Information Governance: Get Data Classification Right First

As featured in Compliance Week – with Dirk Anderson, Managing Director, Coalfire

Bookmark and Share

Data classification is one of the most crucial elements of an effective information governance process—yet it’s also one that many companies fail to implement well. In its simplest terms, data classification is the process of categorizing data based on its level of sensitivity. When done properly, the classification of data helps a company determine the most appropriate level of safeguards and controls that need to be in place.

While we don't see this in practice in a lot of cases, data classification fundamentally is the first step to any sort of security or information risk-management program. Companies don't need to be wasting time and resources deploying firewalls and other information security controls for data that doesn't need protection, even though they very often do.  Data classification begins with answering the following questions:

  • What data, unstructured and structured, does your company have?
  • Where does the data reside?
  • What data is the company trying to protect?
  • What are the potential risks associated with each data set from a confidentiality, integrity, and availability perspective?

Take a step back, look at your business processes, and identify what information is used by those business processes. If your company does background checks, for example, do you store sensitive information about employees? Does HR collect data that may contain protected health information?

The way to get real clarity on data is to initiate a discussion that involves stakeholders from various parts of your organization—legal, compliance, human resources, IT, and the various business units.
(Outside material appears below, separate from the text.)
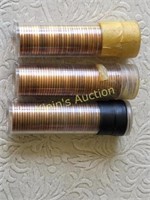 3 rolls of unc lincoln cent pennies 1960, 60, 69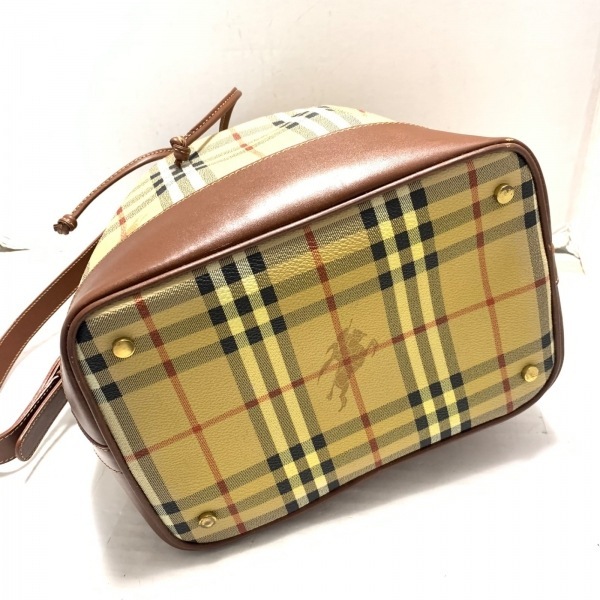 バーバリーロンドン Burberry LONDON ショルダーバッグ - PVC(塩化ビニール)×レザー ベージュ×黒×マルチ チェック柄/巾着型 バッグ_画像4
It’s a collaborative effort. To determine which information requires the most safeguards, companies should consider the security objectives they want to meet. Most companies make the mistake of just thinking about the confidentiality of information. The integrity and availability of that information, however, is just as critical, if not more critical.

Considered in that light, companies find that it's not only important to place restrictions on sensitive data, but also to guard against unauthorized changes or destruction of data. On the other end of the spectrum, it's equally important to ensure that the right data is easily accessible to authorized individuals when they need it.

The next step is to classify data into one of four categories:

  • Restricted: Requires the highest level of security controls. Examples include proprietary information and data protected by state or federal privacy rules and regulations.
  • Confidential: Information in which only specific groups of employees are allowed access. Examples include marketing plans, intellectual property, employee lists, and more.
  • Internal use: Information that pertains to employees only. Examples may include employment policies, social media polices, and acceptable use policies.
  • Public: Information with no sensitivity attached to it and likely will result in little or no risk if disclosed, altered, or destroyed—such as press releases.

It’s recommended that companies take the data classification process one step further by tagging the information itself. For example, data classified as “internal use only” offers little insight into what type of data it is and what specific controls apply.  A more effective measure is to additionally tag the data as a specific type such as “employment policies” so you will have controls that apply to both categories of information for broader protection.  Also, try not to be “too refined” by having too many data categories; a minimalistic view is probably better. If you have more than ten categories of information, it's probably worth taking a step back and asking if you need to be that precise.

Once you’ve identified your most sensitive and valuable information, data stewards should be appointed to oversee the lifecycle of that information.  Data stewards will vary from organization to organization. Ultimately, they should be individuals who have day-to-day interaction with the information and are most familiar with it. The chief privacy officer, for example, may be the steward for sensitive data, which in some instances may be defined by privacy rules and regulations. The responsibility of each data steward is to then understand where the data is located, how it is being used, who has access to it, and how long that information is being retained. Data stewards also have responsibility to clarify how that data should be handled and what the ramifications will be (to the company and the employee) if the data is not handled in the appropriate way. How data should be protected and managed must be communicated as part of your acceptable use policy.

Another mistake companies make is having a static data-classification process. Organizations should be aware that data classification may change throughout the lifecycle. It's important for data stewards to re-evaluate the classification of information on a regular basis, based on changes to regulations and contractual obligations, as well as changes in the use of the data or its value to the company. A common example is a public company's earnings statement, which might be confidential until the date of the earnings announcement, at which time it becomes public.

Data classification is a process that needs to have support from the top. This is because data stewards need to be given the authority to make decisions around how to fully implement the data classification program, and also to ensure it is integrated into the company's business practices. We recommend training employees to understand the meaning of each classification and what safeguards need to be in place. Ask yourself how you are communicating those objectives to employees so they are clear about the company's expectations for handling data in specific ways.  Let them know what their specific responsibilities are in the lifecycle of that data. The most important thing to remember is that you get the data classification process going, and then worry about ironing out the kinks later. Even if data classification is not achieved immediately, it's the end result that matters most.